Она умна и красива. Ее можно назвать киносимволом последней пятилетки, потому что время затребовало на экран деловую женщину с благородной внешностью. Независимую и покорную, напористую и осторожную. Хотя образы, созданные ею в кино, редко совпадают с тем, что она могла бы сыграть. Как, впрочем, и в театре. Словно время затребовало, но оказалось не совсем готово. В этом году Ирине Метлицкой исполнилось 33 года. И она воспринимает судьбу, как интересно мыслящего режиссера, под руководством которого ей любопытно жить.
- Ирина, как чувствует себя женщина в возрасте Иисуса Христа?
- А откуда вы знаете, что я в возрасте Христа?
- Вы сами не скрываете это в интервью, говоря, что родились в год Быка. Можно высчитать.
- А-а. Я жду чего-то хорошего от этого года. Он только начался: у меня день рождения был 5 октября. И если задаться вопросом, как я себя чувствовала, проснувшись в возрасте Христа, то могу ответить: очень гармонично.

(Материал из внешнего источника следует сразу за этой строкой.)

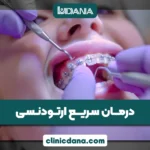 ارتودنسی سریع؛ آیا می توان مدت درمان ارتودنسی را کاهش داد؟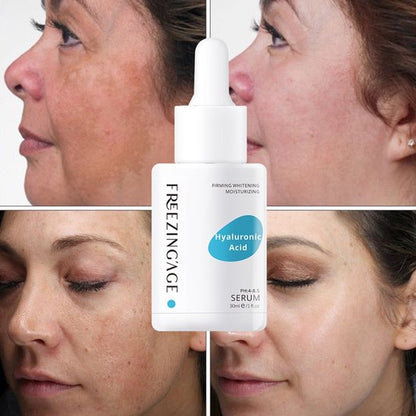Freezing'Age Hyaluronzuur Serum - Anti-aging Gezichtsserum - Hyaluronic Acid - 30 ml.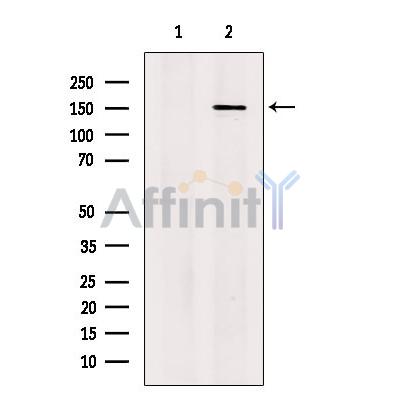 SCC112 Antibody - Western blot analysis of extracts from B16F10 cells, using SCC112 Antibody.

- Вы живете в очень напряженном ритме, такая стремительная личность, все время в прилетах-улетах, вас не тревожит мысль, что чем больше вы торопитесь успеть, тем больше упускаете?
- Мне жалко, что я еще многого не успеваю, физически не успеваю.
- Морально надорваться не боитесь?
- Я надеюсь на свой год. Морально, конечно, тяжело. Но мне кажется, что у всех творческих людей, чья работа связана с нервными нагрузками, организм приучен сохранять баланс. Почему артисты говорят, что самое страшное в нашей профессии – неопределенность, когда неизвестен распорядок жизни. Это означает невозможность распределить силы. Когда я знаю свой график в течение года, где у меня будет тяжелый период, где отдых, я заранее автоматически настраиваюсь, и все проходит замечательно. Такая вот психологическая зависимость от работы.
- Что приводит женщину в актрисы?
- Каждую – свое.
- А вас?
- Когда я снималась в десятом классе в фильме «Расписание на послезавтра», почему-то меня это захватило. До этого я мечтала стать балериной. А сначала – эстрадной певицей. Когда ложилась спать, я прокручивала в голове целые художественные сериалы: я – такая-то, я – такая-то. И любила просто под музыку закрывать глаза, то есть слушала музыку и видела, как танцую, выстраивался определенный танец. Все эти мечты взаимосвязаны. Подсознательно я тянулась к игре, к сцене. На сцене бывают мгновения, когда ты чувствуешь, как на всех людей, смотрящих на тебя, ты будто накидываешь некое покрывало. Это не власть над ними, власть – вульгарное, неточное слово…
- Обладание?
- Нет. Происходит слияние душ: твоей и людей вокруг тебя. Твои чувства испытывают и те, кто в зале. То, что замирает в тебе, так же замирает и в остальных. Наверное, это самое большое удовольствие, которое может быть в жизни. Можно сказать, что это любовь. Любовь ведь в высшем понимании и есть растворение одного человека в другом. Это не обязательно отношения между мужчиной и женщиной, чисто сексуальные, нет. Наверное, верующий ощущает подобное слияние душ во время молитвы. У меня были такие мгновения слияния с залом. И это дает мне право работать.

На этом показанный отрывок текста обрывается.